Social media is nearly insufferable, amid the endless insults and venom spewed by keyboard warriors.

But the trolls can get worse, eagerly devolving into self-styled tactical snipers, quick and foolish to inject their ignorance and intolerance into even the most delicate public-safety scenarios.

This was evident Tuesday, during a police standoff in McNabb, a village of fewer than 300 residents about 35 miles northeast of Peoria. A 31-year-old McNabb man had smashed his way into a downtown business while brandishing a machete, then fled into his apartment. Police from multiple agencies swarmed the place, then blocked off access to the village as they tried to defuse the situation.

The standoff ended peacefully when the man gave himself up about seven hours later. But during that time, as police tried to communicate with him, so did outsiders via Facebook. And in many cases, their comments were scary and precarious.

“It was unfortunate,” Putnam County Sheriff Kevin Doyle said Wednesday morning. “People chiming in sometimes makes our job tougher.

"It didn’t help us."

Before Tuesday, the machete man often had posted on Facebook. Many of his posts involved an unclear rant involving local police and his car. To me, the overall impression didn't seem to indicate any looming threat but — as with a great many screeds throughout Facebook — a vague dissatisfaction with life.
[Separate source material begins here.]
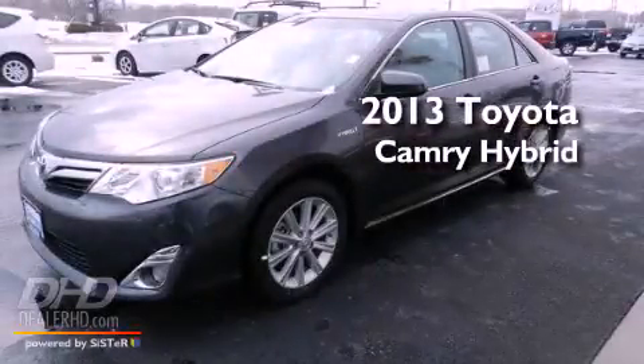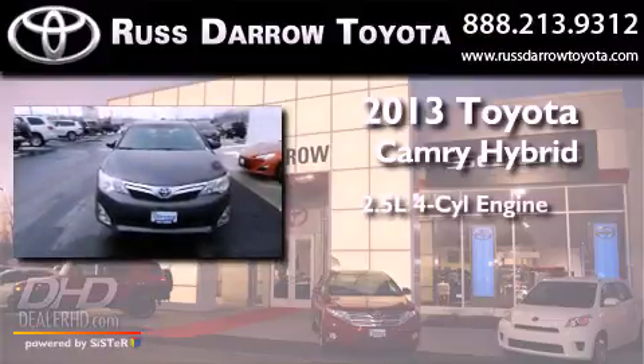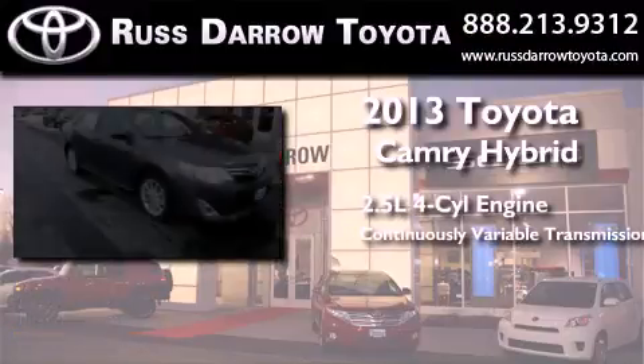This is a brand new 2013 Toyota Camry Hybrid. It features a 2.5-liter four-cylinder engine and a continuous variable transmission.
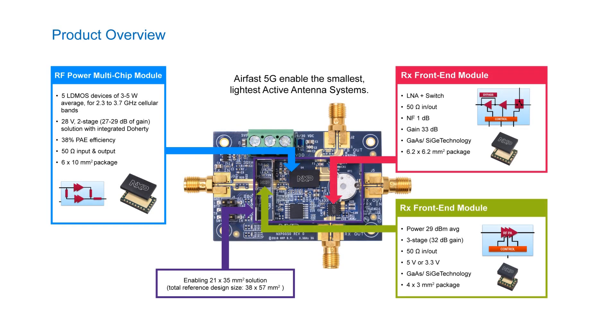Here's a closer look at our products. Starting with the final stage multi-chip modules, these parts range from 3 to 5 watts average for cellular bands within 2.3 to 3.7 GHz. They are 28 volt two-stage solutions with integrated Doherty, 50 ohm input and output, with around 38% PAE, housed in a compact 6 by 10 millimeter squared plastic package. The driver has an average power of 29 dBm and is three stages offering 32 dB gain.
Other posts weaved annoyances with Bible verses. “When in doubt,” he posted recently, “turn to your greatest weapon: the Bible.”

Instead, on Tuesday, he turned to a machete. And once holed up in his apartment and surrounded by cops, he turned to Facebook.

“At a standoff,” he posted about 2:30 p.m. “I assure you people of this area. My blood is on your hands. And God will avenge me.”

He made other posts, none with that touch of drama. But hundreds of comments followed. Many urged patience and peace:

• “Let them help you.”

• “Stay safe.”

• “You don't know me. I am a mom from Granville. Don't do it! Lost my son last year, your age. Hard on the momma. Praying for you!”

But some comments were rash and rude — and possibly incendiary:

• “Save the taxpayers money and take him out.”

• “A bullet between the eyes.”

• “We put down rabid dogs, don’t we?”

• “They need to just take him out and end it.”

• “Your God wants you in hell, coward.”

I don’t know if these commenters were anxious to get home, or trying to be funny, or just plain stupid. But making taunts like “dog” or “coward” is an inexplicable and indefensible way to inject oneself into a precarious police situation.

Amid these inflammatory comments, others tried to inject reason into the thread. As usual on Facebook, that effort blew apart in their faces. Witness this interchange (edited slightly for language and length):

Man: “Kick in his door and see how the (heck) he likes it.”

Woman: "Be nice. Don’t be a d-bag."

Man: “I GET TO SAY WANT I WANT. I LIVE IN AMERICA. I HAVE MY RIGHT.”

Constitutionally speaking, yes, he has a right — the right to shoot off his mouth online and risk escalating a tricky situation. And that comment got 14 “likes,” one of the biggest responses in the thread.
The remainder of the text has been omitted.